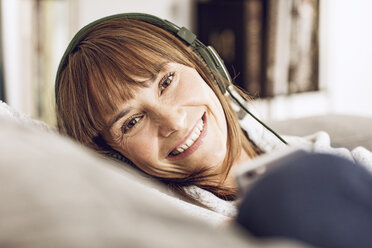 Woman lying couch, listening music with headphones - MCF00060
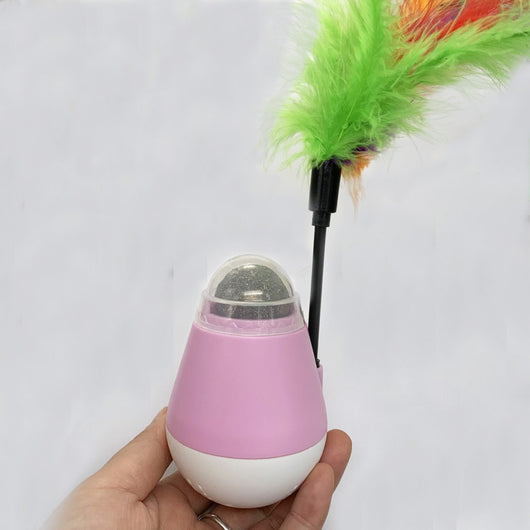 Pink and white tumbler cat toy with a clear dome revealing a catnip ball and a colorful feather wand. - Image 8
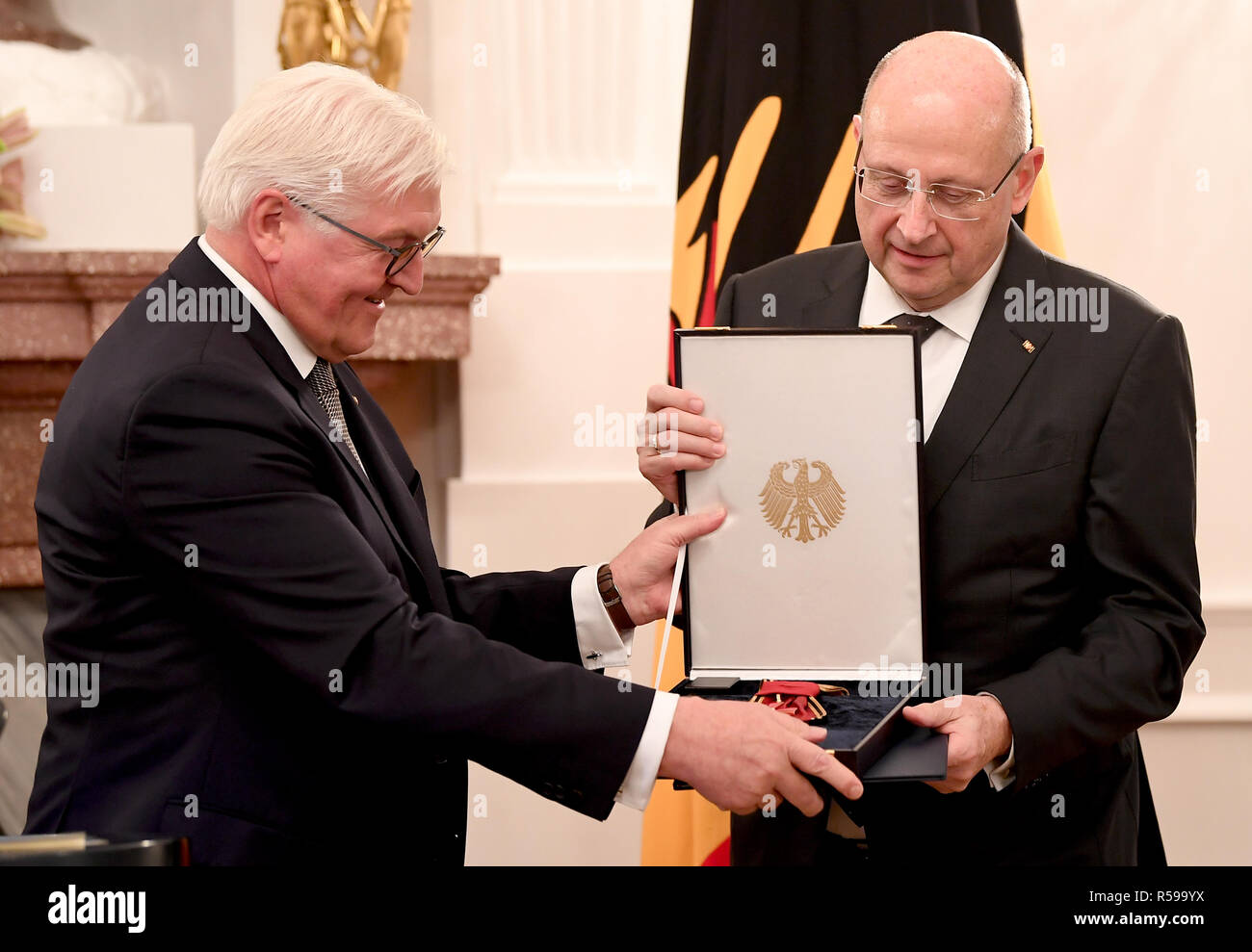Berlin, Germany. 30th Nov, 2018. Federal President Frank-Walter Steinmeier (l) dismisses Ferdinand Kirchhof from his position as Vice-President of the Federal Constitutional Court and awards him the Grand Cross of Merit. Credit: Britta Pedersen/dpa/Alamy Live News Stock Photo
★ ★ ★
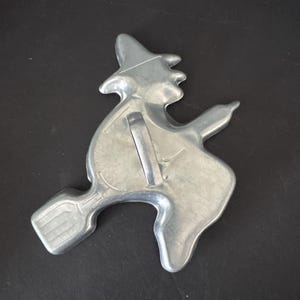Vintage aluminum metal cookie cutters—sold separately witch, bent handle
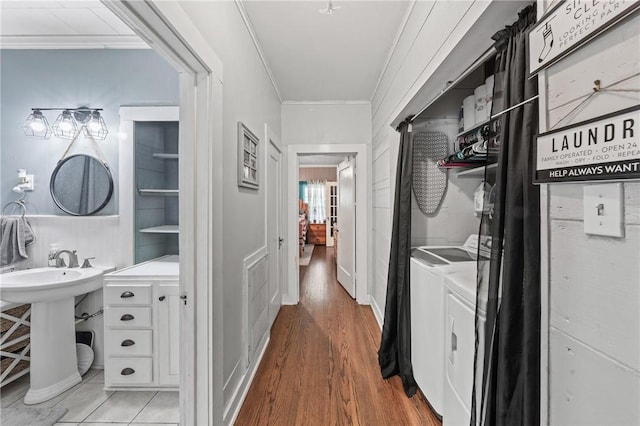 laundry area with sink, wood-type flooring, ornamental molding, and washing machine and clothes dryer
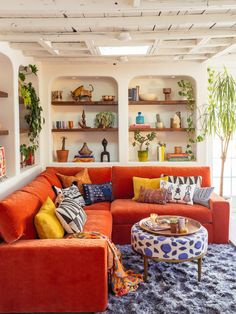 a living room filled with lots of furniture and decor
★ ★ ★
- Your instructions:
When you reach the line holding "Vintage aluminum metal" in the listing above, begin retyping exactly, and stop once the line holding "a living room" is done; pictures stay out.

- Finished exercise:
Vintage aluminum metal cookie cutters—sold separately witch, bent handle
 laundry area with sink, wood-type flooring, ornamental molding, and washing machine and clothes dryer
 a living room filled with lots of furniture and decor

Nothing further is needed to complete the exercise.